The Plague by Albert Camus
The book is divided into five sections, each of which tells of a distinct period in the plague’s takeover of Oran, the port city in northern Algeria where the story is set. Part 1 describes Oran as it was before the plague and just after the disease has taken hold. Bernard Rieux, the town doctor, notices a dead rat in the hallway of his apartment building one ordinary morning, and thereafter, nothing in his or anyone’s life in Oran is normal. Thousands of the town’s rats die, then cats and dogs, and finally the disease starts to infect people. Jean Tarrou, a visitor trapped in Oran, keeps a journal about the plague’s effect on the people of Oran, and it includes stories about characters like Joseph Grand, an insignificant city worker, and Cottard, a man who is mysteriously happy about the outbreak of the plague. By the end of this section, the people of Oran are forced to realize their dull and habitual ways may be gone for good. The town gates are shut, and Oran is now a prison cell, where no one can go out or come in.

Part 2 of the book tells what happens when the plague becomes “the concern of all of us.” (67). In this section, the townspeople struggle to fight their individual battles against the plague and the suffering and separation it forces them to endure. Characters like Raymond Rambert, who begins negotiating with smugglers, try to imagine ways to escape the city and meet up again with their loved ones. Father Paneloux, the town priest, preaches a fiery sermon that claims that God has sent the disease upon the people of Oran as a punishment for their sins. Tarrou starts voluntary sanitary squads in town, and many people, including Grand and Rambert, volunteer to help.

By the beginning of Part 3, “the plague had swallowed up everything and everyone. No longer were there individual destinies; only a collective destiny, made of plague and the emotions shared by all.” (167). In this short third section, the narrator tells us of the worst period of the disease, the brutally hot summer months when the plague kills so many people that there’s no space left to bury them. The town crematorium is burning bodies at top-capacity and everyone in the city suffers terrible feelings of pain and exile.

In Part 4 there is more attention paid to the emotions of some of the main characters. Cottard is still strangely cheerful about the plague. Rambert’s getaway plans seem ready to go through, but the journalist has a last-minute change of heart and decides to stay in Oran to help fight the disease. Many of the story’s main characters, including Dr. Rieux, Joseph Grand, Jean Tarrou, and Father Paneloux, are affected profoundly when they witness the death of a young child. After this experience, Paneloux gives a second sermon, and it shows far more sympathy for the suffering people of Oran. One evening, Tarrou explains his life philosophy, which centers on a passionate opposition to the death penalty, to Dr. Rieux. Grand falls ill and seems certain to die of the plague, but makes a sudden and miraculous recovery. The same “resurrection” happens to a woman in town, and by the end of this section, the rats, alive now, have begun to resurface in the city.

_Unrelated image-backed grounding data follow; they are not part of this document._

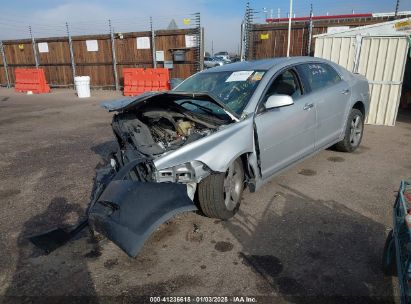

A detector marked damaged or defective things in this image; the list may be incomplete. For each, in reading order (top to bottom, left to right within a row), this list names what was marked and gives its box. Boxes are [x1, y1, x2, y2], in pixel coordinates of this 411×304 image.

bent hood [101, 90, 240, 121]
damaged silver sedan [29, 56, 370, 256]
cracked headlight assembly [156, 160, 211, 184]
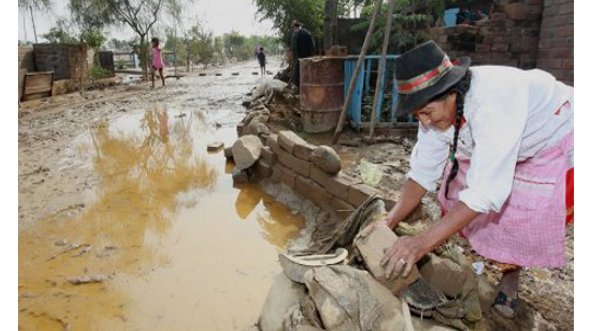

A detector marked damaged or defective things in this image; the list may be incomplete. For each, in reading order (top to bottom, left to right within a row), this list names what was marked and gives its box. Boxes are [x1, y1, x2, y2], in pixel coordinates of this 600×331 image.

rusty metal barrel [298, 57, 344, 134]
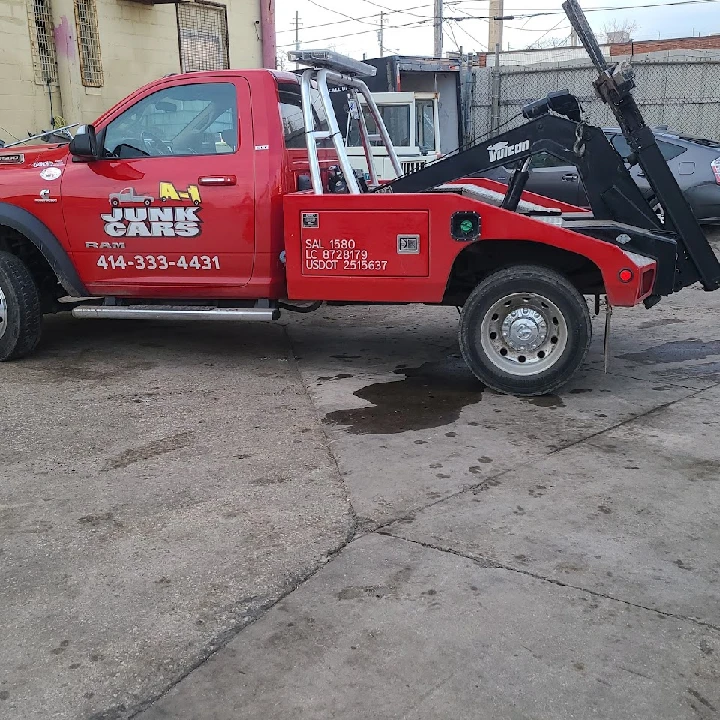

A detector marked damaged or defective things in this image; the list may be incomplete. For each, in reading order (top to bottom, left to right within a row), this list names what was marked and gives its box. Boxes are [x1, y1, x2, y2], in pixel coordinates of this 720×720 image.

crack in concrete [380, 532, 720, 632]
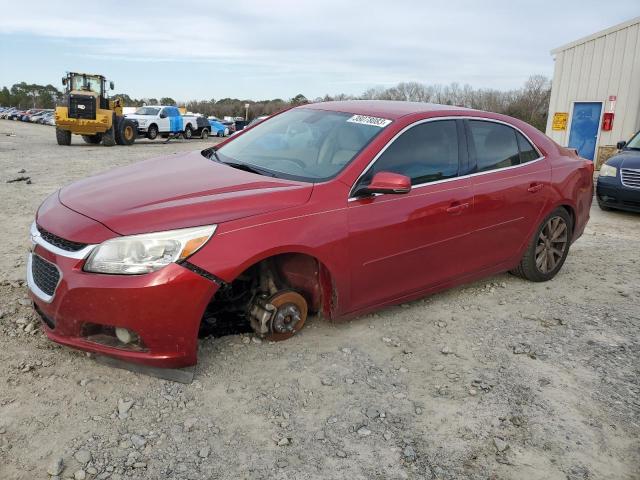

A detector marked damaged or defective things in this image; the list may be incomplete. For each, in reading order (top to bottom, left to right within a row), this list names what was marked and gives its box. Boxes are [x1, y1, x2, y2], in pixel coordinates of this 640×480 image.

damaged red sedan [27, 99, 592, 366]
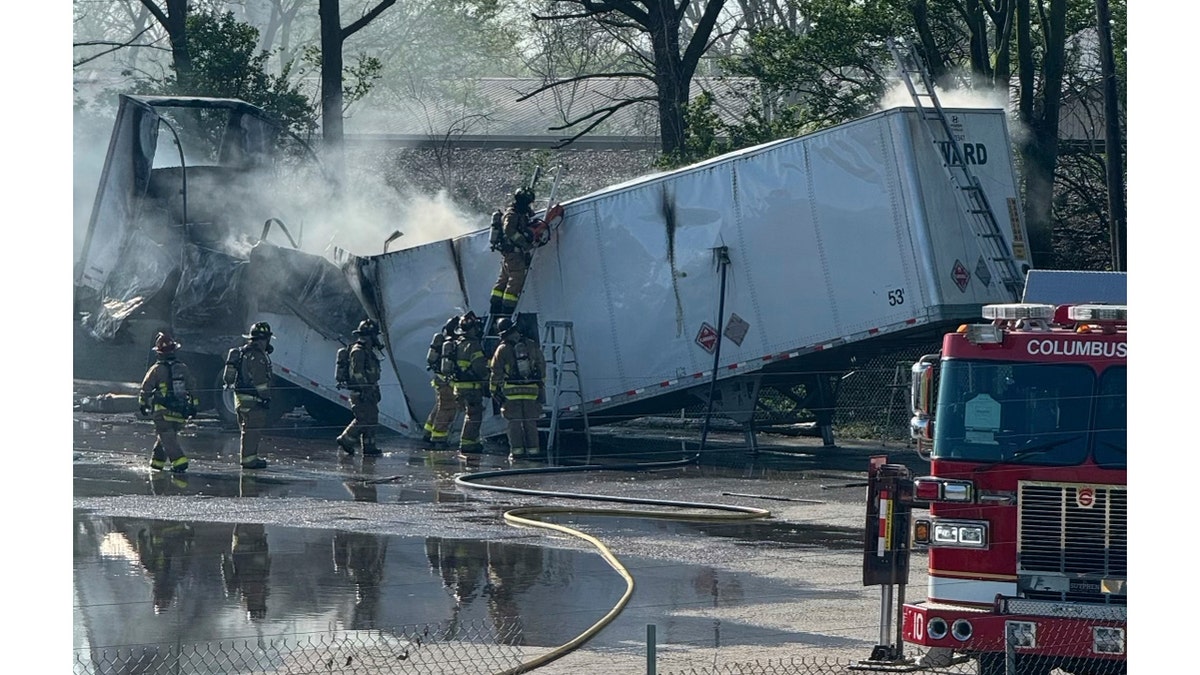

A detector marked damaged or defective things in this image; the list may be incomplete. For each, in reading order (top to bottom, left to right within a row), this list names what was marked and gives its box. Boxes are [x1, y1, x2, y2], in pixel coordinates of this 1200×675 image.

overturned truck [75, 93, 1032, 444]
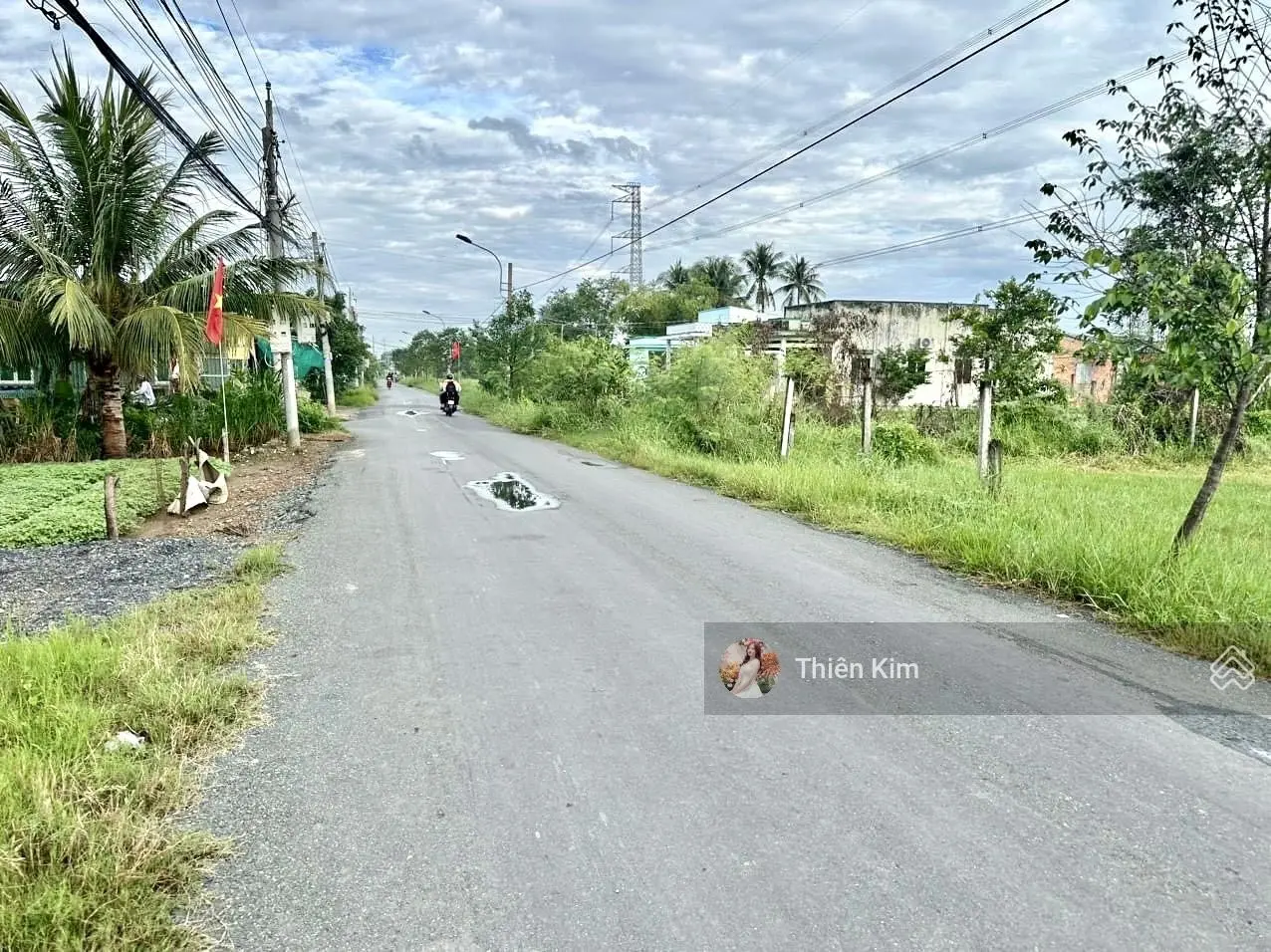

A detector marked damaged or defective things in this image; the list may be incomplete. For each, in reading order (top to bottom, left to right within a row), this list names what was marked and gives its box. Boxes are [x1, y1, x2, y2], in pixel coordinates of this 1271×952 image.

water-filled pothole [465, 470, 559, 508]
pothole [465, 470, 559, 508]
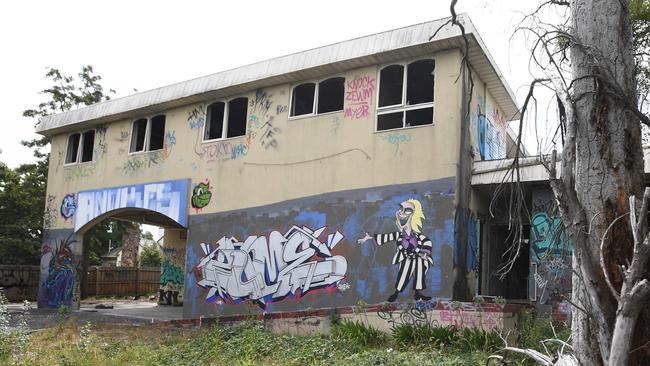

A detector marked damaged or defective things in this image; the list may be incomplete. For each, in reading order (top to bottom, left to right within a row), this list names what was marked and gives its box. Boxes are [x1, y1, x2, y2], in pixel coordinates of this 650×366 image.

broken window [64, 132, 80, 164]
broken window [128, 117, 146, 152]
broken window [148, 113, 166, 149]
broken window [205, 102, 225, 141]
broken window [228, 97, 248, 137]
broken window [292, 83, 316, 116]
broken window [316, 78, 344, 114]
broken window [374, 60, 436, 133]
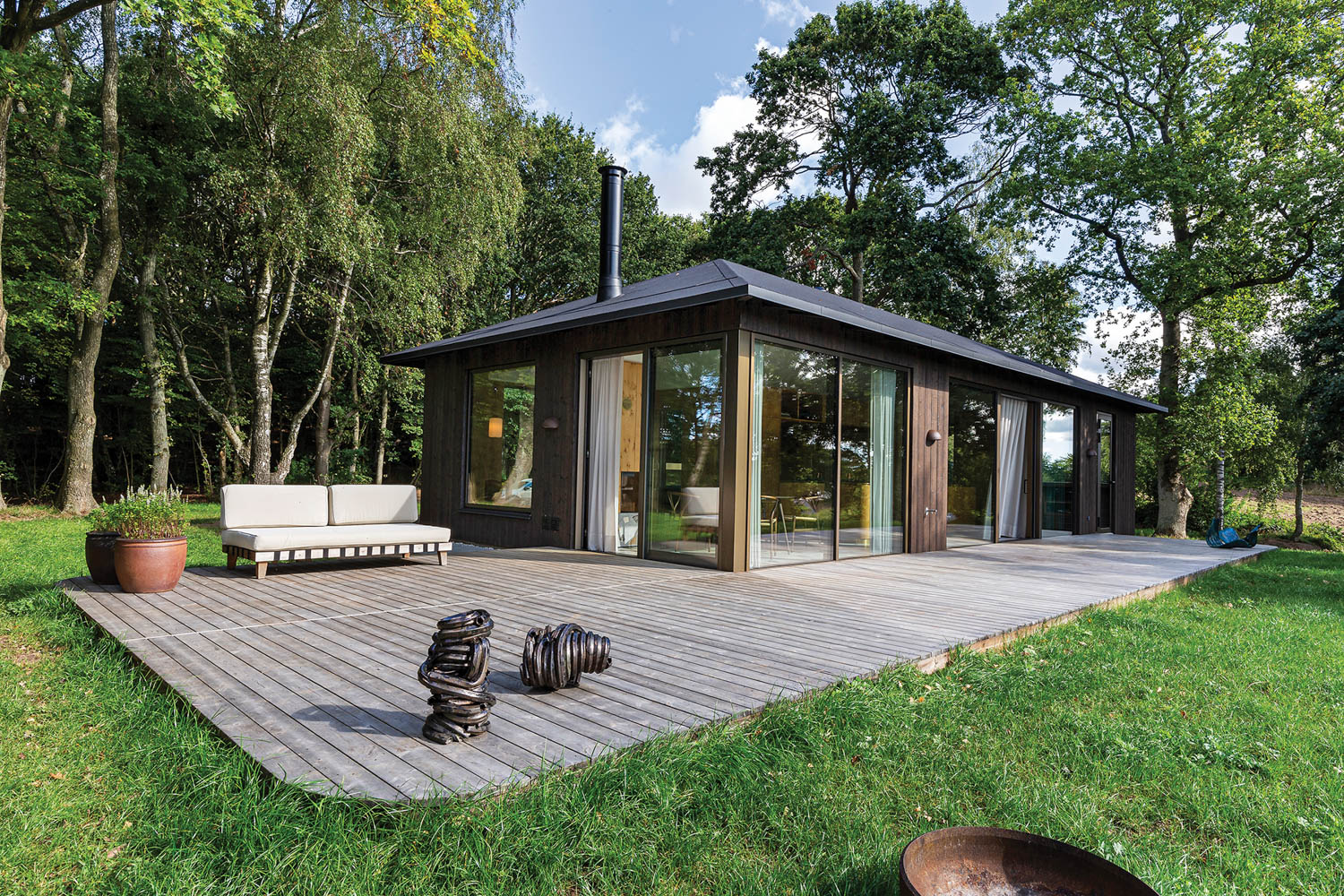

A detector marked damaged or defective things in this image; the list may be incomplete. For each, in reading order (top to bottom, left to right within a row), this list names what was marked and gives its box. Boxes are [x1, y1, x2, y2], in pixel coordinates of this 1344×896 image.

rusty metal fire bowl [892, 827, 1156, 896]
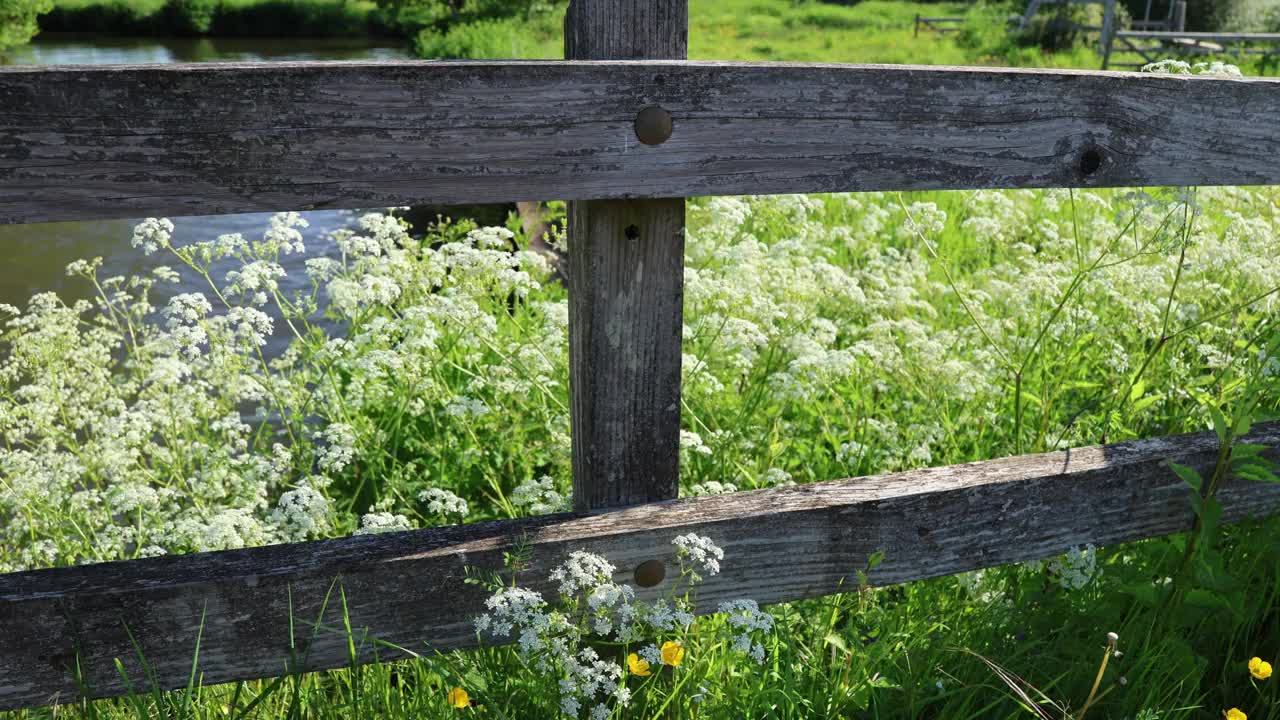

In the final section, the plague leaves just as suddenly as it came. After a public announcement that the epidemic seems to be over, a big celebration is held in the streets. Then the gates are opened, and families and lovers–including Rambert and his wife–are reunited. Cottard, despairing that the plague has gone and left him alone with his suffering again, has a crazy shooting fit, which ends with him being dragged away by the police. At this point, Dr. Rieux reveals that he is the story’s narrator. Though he has suffered greatly, and now finds out that his own wife is dead, he says he hoped to retell the book without it being his story. He wanted to “take the victims’ side,” sharing with them the feelings of love, exile, and suffering that all felt during the time of the plague. The book ends with the haunting observation that although the plague bacillus can go into hiding for years and years, it never dies or disappears for good.